One bite goes by and already the sandwich idea is out the window. Fighting still, Nick separates the slices and tries to pull all of the toppings off and eat the crusts and breading first, saving the pain of the peppers until end. We all nod that this is a good choice, but the thought is fleeting. Napkin in hand, one crust filled mouthful later, Nick throws in the towel. Less than three out of the eight pieces were completely eaten.

“Whew,” he stammers and goes to the bar for more milk.
“What a baby,” Jaclyn whispers so Nick cannot hear.  “I’ll finish it.”

Nick returns with his milk to watch our new contender smothering her two slices with ketchup.
“That is really gross,” I wince.
“No, I am just smarter than you guys, obviously,” she returns.
And she’s off; biting and chewing, biting and chewing.

Face flushed as if she has just finished a night of tequila, we can tell that this challenge is harder than we thought.
“How you doing champ?”

No words are spoken. She has resorted to sign language because it hurts to speak. Tears stream down her face and she signs that she is going to vomit.
Our laughter is met with an icy glare, somehow not melted by the food.

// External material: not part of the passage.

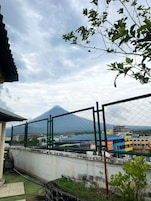 Un espacio al aire libre cercado con vista a una montaña distante.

“Well, this blows,” I pout. “Food is not making this much fun anymore.”

Challenge rating 5/5
Yooper-1 Food-2



Tuesday, March 8, 2011

Coming soon...

I guess Nick and I are doing 'Solo Round pt. 2' tonight so I will post about that soon and also what it takes to become a professional eater and current records. Catch you guys tomorrow



(also, the language has been updated to be a bit more PG friendly. hope it helps)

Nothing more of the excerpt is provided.